As many look to cut costs to cope with the worsening economic downturn, you would expect consumer spending patterns to be adversely affected, with the luxury goods segment being one of the hardest hit.

Not so according to Robert Polet, chairman of the Gucci Group. While he agrees that consumer psyche vis-à-vis buying behaviour has taken a hit, he believes that his company is in the business of selling dreams – and you can’t put a price tag on a dream.

“People buy our brands because they want to be a part of a particular dream… So people before going into the store, they decide ‘I would like to be part of that dream.’ And that is an emotional decision. It’s an aspirational decision for many. And they’re seduced when in the store; they’re seduced by the product, by a really desirable product that you cannot resist … This is not about selling bags or shoes or ties or suits. This is about ‘Would you like to be a Gucci man or a Gucci woman?’”

The big picture

Though Polet says Gucci will not be making any broad sweeping tactical changes to tackle the crisis head on, preferring instead to go with a less reactive approach, he says it may be necessary to make some adjustments because it still makes good business sense to monitor the situation.

“Let me just reaffirm the importance of actually sticking to your strategy because the strategy that you build around brands is the strategy for the longer term. You manage brands for a long life or longevity, so you don't sort of whisk them around every quarter or every year or every two years,” Polet told INSEAD Knowledge in an exclusive interview. “And that is come hell or high water I would say. But you know what, times change and there are things that you need to adapt to and in the short term – change your tactics.”

For example, he says, if a company’s growth is cut by half, it is technically still growing, though profits are significantly reduced. “So you will adjust if you're wise, your capital expenditures and the way that you manage your business, (yet) always staying true to the essence of the brand and to the long-term strategy.”

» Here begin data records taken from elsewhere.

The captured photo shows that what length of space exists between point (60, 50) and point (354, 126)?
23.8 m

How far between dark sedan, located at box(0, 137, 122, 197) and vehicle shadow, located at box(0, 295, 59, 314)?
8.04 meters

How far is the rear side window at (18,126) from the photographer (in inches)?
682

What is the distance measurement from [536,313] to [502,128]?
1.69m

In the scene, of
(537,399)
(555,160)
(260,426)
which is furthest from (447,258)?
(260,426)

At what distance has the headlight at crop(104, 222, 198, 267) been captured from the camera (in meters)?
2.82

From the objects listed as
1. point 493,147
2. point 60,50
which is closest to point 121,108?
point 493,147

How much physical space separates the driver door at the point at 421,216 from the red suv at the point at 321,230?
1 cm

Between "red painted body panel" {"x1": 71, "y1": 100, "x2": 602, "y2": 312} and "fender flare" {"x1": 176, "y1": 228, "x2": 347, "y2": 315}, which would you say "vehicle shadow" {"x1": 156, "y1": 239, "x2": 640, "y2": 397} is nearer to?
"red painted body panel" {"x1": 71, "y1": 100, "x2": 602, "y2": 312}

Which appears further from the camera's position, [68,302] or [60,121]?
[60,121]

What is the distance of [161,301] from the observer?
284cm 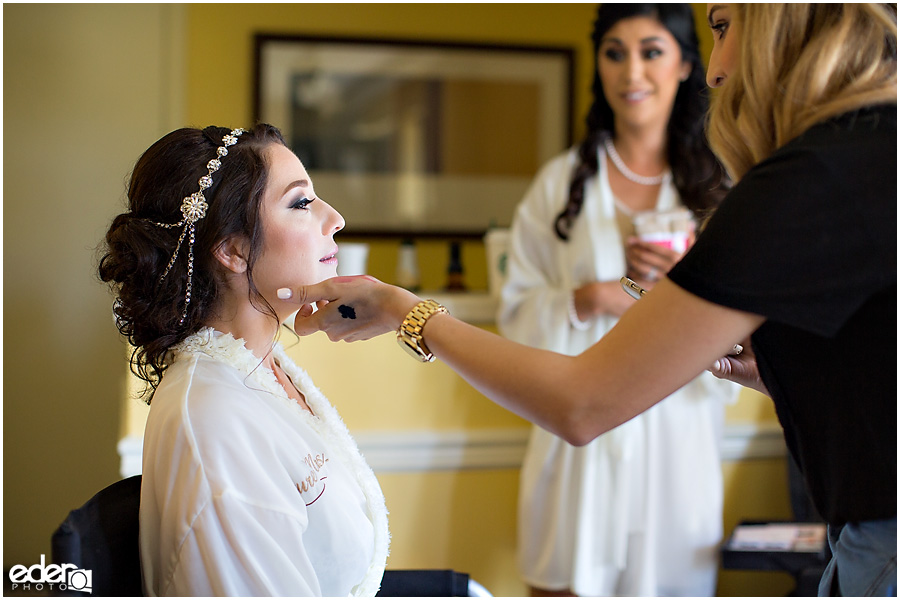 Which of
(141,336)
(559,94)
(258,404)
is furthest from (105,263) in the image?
(559,94)

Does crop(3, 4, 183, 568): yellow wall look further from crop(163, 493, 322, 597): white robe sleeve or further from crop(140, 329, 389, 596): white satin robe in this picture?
crop(163, 493, 322, 597): white robe sleeve

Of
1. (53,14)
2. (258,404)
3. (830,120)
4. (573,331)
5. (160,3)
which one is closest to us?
(830,120)

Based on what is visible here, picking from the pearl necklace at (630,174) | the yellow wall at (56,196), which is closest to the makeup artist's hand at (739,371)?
the pearl necklace at (630,174)

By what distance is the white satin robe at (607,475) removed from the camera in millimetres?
1927

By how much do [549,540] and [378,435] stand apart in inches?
18.6

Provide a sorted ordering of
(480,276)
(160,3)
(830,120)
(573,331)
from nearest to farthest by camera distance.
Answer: (830,120) < (573,331) < (160,3) < (480,276)

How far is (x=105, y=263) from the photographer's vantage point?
110 centimetres

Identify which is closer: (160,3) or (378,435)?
(378,435)

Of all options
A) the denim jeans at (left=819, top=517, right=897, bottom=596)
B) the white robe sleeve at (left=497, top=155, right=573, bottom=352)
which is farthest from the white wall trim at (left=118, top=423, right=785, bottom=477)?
the denim jeans at (left=819, top=517, right=897, bottom=596)

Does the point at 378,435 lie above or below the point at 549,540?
above

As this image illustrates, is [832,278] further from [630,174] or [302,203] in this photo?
[630,174]

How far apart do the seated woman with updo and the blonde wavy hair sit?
1.87ft

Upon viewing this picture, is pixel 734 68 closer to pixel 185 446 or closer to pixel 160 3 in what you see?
pixel 185 446

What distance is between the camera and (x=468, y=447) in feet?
6.97
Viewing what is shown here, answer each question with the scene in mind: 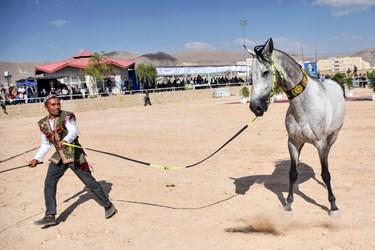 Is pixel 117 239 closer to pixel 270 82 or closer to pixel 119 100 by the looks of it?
pixel 270 82

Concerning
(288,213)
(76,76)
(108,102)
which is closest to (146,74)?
(76,76)

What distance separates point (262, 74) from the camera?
466cm

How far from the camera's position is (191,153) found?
10234 mm

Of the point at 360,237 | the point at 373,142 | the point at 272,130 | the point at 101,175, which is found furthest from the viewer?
the point at 272,130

Polet’s approach seems to have worked. When he joined Gucci in 2004, he had ambitious plans to double the company’s revenues in seven years, as well as to increase gross margins to 70 per cent. He says he has delivered on both counts, which he is why he chooses to remain optimistic at such a time.

“Now having done that, it gives us of course a much better position because the profitability has almost tripled in absolute terms in the last four years. It gives you a fantastic starting point to be able to brace yourself for headwinds.”

Asia as the next frontier

Turning to Asia for growth has also paid off. “We said four years ago, we would invest more than 60 per cent of all our investments in Asia Pacific. And that's exactly what we have done ... (we have grown) the stores in mainland China from four stores four years ago to 24 stores by the end of this year, which is quite remarkable.”

Polet is now counting on Asia to cushion the Gucci brand from the shock waves of the ailing economy. “I'm absolutely convinced of it and it's actually happening as we speak. Asia is delivering its part of the portfolio that we knew that it would deliver.”